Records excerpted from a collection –
※ ※ ※

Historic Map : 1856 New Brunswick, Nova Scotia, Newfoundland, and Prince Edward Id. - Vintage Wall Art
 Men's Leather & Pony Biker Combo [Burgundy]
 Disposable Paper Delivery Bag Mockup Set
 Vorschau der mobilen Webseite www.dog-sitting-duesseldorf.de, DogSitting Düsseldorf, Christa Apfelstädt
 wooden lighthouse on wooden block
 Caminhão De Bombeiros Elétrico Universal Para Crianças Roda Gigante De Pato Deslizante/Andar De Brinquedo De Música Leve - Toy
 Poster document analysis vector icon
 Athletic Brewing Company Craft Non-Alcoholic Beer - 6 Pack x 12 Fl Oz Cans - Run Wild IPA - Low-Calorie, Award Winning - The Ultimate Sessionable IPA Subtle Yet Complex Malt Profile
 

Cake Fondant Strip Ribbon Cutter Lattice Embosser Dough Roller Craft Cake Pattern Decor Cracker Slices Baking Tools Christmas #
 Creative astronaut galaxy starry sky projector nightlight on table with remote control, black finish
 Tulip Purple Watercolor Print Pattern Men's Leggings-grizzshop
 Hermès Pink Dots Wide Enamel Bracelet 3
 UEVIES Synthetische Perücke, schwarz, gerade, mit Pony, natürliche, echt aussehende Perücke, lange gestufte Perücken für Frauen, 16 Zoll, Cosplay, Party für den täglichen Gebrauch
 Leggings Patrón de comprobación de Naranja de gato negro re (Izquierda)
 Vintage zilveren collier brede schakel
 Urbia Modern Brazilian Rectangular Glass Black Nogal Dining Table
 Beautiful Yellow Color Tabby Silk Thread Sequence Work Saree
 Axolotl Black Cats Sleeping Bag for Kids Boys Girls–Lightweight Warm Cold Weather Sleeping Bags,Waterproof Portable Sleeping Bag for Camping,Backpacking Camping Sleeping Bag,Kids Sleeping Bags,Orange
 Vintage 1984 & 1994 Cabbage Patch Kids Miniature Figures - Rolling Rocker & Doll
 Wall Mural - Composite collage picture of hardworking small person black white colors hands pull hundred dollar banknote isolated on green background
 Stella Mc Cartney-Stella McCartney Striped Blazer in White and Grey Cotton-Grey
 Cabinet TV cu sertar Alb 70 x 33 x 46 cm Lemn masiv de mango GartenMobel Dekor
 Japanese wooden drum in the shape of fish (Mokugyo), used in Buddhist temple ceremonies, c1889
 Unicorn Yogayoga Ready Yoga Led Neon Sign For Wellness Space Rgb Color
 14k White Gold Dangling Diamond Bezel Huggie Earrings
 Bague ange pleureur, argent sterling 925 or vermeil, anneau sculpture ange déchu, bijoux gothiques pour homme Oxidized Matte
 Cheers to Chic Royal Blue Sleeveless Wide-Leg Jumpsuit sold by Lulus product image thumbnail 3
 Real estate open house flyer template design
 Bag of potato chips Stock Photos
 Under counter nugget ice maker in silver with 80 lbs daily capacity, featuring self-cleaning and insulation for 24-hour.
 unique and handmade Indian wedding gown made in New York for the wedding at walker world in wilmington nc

※ ※ ※

What is needed – Repeat, word for word, all of the data shown above.

Written answer –
Historic Map : 1856 New Brunswick, Nova Scotia, Newfoundland, and Prince Edward Id. - Vintage Wall Art
 Men's Leather & Pony Biker Combo [Burgundy]
 Disposable Paper Delivery Bag Mockup Set
 Vorschau der mobilen Webseite www.dog-sitting-duesseldorf.de, DogSitting Düsseldorf, Christa Apfelstädt
 wooden lighthouse on wooden block
 Caminhão De Bombeiros Elétrico Universal Para Crianças Roda Gigante De Pato Deslizante/Andar De Brinquedo De Música Leve - Toy
 Poster document analysis vector icon
 Athletic Brewing Company Craft Non-Alcoholic Beer - 6 Pack x 12 Fl Oz Cans - Run Wild IPA - Low-Calorie, Award Winning - The Ultimate Sessionable IPA Subtle Yet Complex Malt Profile
 

Cake Fondant Strip Ribbon Cutter Lattice Embosser Dough Roller Craft Cake Pattern Decor Cracker Slices Baking Tools Christmas #
 Creative astronaut galaxy starry sky projector nightlight on table with remote control, black finish
 Tulip Purple Watercolor Print Pattern Men's Leggings-grizzshop
 Hermès Pink Dots Wide Enamel Bracelet 3
 UEVIES Synthetische Perücke, schwarz, gerade, mit Pony, natürliche, echt aussehende Perücke, lange gestufte Perücken für Frauen, 16 Zoll, Cosplay, Party für den täglichen Gebrauch
 Leggings Patrón de comprobación de Naranja de gato negro re (Izquierda)
 Vintage zilveren collier brede schakel
 Urbia Modern Brazilian Rectangular Glass Black Nogal Dining Table
 Beautiful Yellow Color Tabby Silk Thread Sequence Work Saree
 Axolotl Black Cats Sleeping Bag for Kids Boys Girls–Lightweight Warm Cold Weather Sleeping Bags,Waterproof Portable Sleeping Bag for Camping,Backpacking Camping Sleeping Bag,Kids Sleeping Bags,Orange
 Vintage 1984 & 1994 Cabbage Patch Kids Miniature Figures - Rolling Rocker & Doll
 Wall Mural - Composite collage picture of hardworking small person black white colors hands pull hundred dollar banknote isolated on green background
 Stella Mc Cartney-Stella McCartney Striped Blazer in White and Grey Cotton-Grey
 Cabinet TV cu sertar Alb 70 x 33 x 46 cm Lemn masiv de mango GartenMobel Dekor
 Japanese wooden drum in the shape of fish (Mokugyo), used in Buddhist temple ceremonies, c1889
 Unicorn Yogayoga Ready Yoga Led Neon Sign For Wellness Space Rgb Color
 14k White Gold Dangling Diamond Bezel Huggie Earrings
 Bague ange pleureur, argent sterling 925 or vermeil, anneau sculpture ange déchu, bijoux gothiques pour homme Oxidized Matte
 Cheers to Chic Royal Blue Sleeveless Wide-Leg Jumpsuit sold by Lulus product image thumbnail 3
 Real estate open house flyer template design
 Bag of potato chips Stock Photos
 Under counter nugget ice maker in silver with 80 lbs daily capacity, featuring self-cleaning and insulation for 24-hour.
 unique and handmade Indian wedding gown made in New York for the wedding at walker world in wilmington nc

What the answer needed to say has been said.